New regulations drafted by the Ministry of Justice would, if approved by the Executive Yuan, restrict an additional 299 psychoactive substances, bringing the number of regulated substances in the nation to a record high of 638, an amount surpassed only by Japan, the ministry said on Wednesday.
The new restrictions would increase law enforcement capabilities against drug smuggling, the ministry said.
Unrestricted substances seized by authorities are assessed on a case-by-case basis, but as more psychoactive substances are being traded — the UN estimates that about 1,000 of the substances are on the global market — authorities cannot keep up with the development, the ministry said.
Of the about 1,000 substances listed by the UN, only 339 are thus far regulated in Taiwan, it added.
The draft regulations define psychoactive substances as “substances that that harbor the potential of being abused, addictive and harmful to society,” and would replace earlier regulations that define the substances as those “that can be abused, addictive and harmful to society,” the ministry said.
The new definition would cover an additional 337 substances listed by the UN, it added.
Upon further review and referencing regulations in other countries, the ministry placed 299 of the additional substances in drug categories 2, 3 and 4, it said.
The ministry’s Drug Review Committee cited fentanyl as an example, saying that while it is regulated as a category 2 drug, fentanyl derivatives are not regulated.
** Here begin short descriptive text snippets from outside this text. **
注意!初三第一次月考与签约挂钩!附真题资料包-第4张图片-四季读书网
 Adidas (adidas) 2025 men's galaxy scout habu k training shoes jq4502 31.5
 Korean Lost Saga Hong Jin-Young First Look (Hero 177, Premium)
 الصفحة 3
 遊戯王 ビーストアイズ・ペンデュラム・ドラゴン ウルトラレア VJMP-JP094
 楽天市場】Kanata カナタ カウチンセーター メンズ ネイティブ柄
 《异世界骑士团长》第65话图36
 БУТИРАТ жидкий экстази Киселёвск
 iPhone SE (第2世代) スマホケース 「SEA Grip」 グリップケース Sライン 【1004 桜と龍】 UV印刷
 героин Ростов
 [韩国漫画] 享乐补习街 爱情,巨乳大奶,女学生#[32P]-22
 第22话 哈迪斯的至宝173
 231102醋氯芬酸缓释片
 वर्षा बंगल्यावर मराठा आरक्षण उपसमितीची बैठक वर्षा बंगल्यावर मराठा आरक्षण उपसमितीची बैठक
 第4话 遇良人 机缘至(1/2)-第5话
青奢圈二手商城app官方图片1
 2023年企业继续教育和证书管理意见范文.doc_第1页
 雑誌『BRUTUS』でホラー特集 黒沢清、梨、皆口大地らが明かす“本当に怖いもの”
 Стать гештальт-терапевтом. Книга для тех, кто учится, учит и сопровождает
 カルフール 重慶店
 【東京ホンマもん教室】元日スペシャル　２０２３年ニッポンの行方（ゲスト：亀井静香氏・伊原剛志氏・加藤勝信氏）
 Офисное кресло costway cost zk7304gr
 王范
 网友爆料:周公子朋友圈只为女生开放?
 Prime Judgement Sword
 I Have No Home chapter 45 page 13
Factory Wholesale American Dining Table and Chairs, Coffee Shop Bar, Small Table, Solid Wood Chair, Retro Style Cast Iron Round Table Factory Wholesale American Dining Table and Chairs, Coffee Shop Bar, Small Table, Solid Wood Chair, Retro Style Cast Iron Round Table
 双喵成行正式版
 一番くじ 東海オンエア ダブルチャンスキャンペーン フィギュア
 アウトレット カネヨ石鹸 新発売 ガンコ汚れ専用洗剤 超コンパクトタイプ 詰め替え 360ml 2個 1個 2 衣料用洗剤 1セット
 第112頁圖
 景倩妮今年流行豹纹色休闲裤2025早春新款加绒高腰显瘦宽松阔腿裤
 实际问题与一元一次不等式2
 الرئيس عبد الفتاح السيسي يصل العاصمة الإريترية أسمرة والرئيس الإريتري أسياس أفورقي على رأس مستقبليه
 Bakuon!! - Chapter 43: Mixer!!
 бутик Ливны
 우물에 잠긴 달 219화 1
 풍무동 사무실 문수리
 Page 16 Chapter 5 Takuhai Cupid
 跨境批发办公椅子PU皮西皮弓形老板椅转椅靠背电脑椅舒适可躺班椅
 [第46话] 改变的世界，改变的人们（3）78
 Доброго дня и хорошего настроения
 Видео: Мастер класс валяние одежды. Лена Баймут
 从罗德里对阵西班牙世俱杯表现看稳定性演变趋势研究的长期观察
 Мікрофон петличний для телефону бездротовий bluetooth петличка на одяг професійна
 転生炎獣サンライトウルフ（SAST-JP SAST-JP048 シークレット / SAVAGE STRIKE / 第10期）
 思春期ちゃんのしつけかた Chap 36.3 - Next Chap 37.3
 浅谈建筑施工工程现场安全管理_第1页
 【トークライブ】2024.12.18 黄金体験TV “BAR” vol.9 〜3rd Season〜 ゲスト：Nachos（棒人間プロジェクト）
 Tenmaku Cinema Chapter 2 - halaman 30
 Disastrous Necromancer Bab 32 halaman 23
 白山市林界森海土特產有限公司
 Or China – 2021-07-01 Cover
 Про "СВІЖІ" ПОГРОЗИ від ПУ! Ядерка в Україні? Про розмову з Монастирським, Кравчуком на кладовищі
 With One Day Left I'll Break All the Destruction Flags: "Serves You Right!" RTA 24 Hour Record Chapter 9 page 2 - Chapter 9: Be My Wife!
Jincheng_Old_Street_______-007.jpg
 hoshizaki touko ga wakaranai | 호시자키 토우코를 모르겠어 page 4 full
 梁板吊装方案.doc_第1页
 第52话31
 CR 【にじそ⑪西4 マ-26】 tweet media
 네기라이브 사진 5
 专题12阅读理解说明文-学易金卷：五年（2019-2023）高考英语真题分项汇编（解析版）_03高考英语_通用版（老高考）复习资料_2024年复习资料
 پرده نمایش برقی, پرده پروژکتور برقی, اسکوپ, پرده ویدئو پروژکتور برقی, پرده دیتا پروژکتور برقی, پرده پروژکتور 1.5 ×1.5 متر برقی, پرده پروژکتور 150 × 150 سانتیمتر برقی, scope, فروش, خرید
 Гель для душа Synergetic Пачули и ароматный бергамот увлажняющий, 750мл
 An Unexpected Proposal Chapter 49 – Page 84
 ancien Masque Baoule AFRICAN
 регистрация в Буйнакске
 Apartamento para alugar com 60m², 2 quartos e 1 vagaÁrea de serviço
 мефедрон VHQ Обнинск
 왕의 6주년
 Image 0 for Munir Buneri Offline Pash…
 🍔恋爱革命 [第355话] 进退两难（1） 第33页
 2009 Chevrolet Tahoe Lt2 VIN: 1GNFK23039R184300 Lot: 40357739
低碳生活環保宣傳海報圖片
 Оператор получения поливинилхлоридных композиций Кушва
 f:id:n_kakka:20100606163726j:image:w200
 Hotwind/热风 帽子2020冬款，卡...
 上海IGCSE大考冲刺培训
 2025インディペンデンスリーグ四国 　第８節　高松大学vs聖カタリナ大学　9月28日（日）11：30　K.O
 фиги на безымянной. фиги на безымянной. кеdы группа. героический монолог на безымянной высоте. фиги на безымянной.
Fentanyl derivatives are linked to the overdose deaths of more than 10,000 people annually in the Americas and Europe, the committee said, adding that authorities must be given stronger instruments to prevent the substances from entering Taiwan.
The ministry said that it would soon make public additional details of the new draft regulations.
After that, it would forward the draft to the Executive Yuan for review, the ministry said, adding that it expects the review process to take about two months.
Should the measure be approved, Taiwan would become second only to Japan in the number of substances under regulation, the ministry said.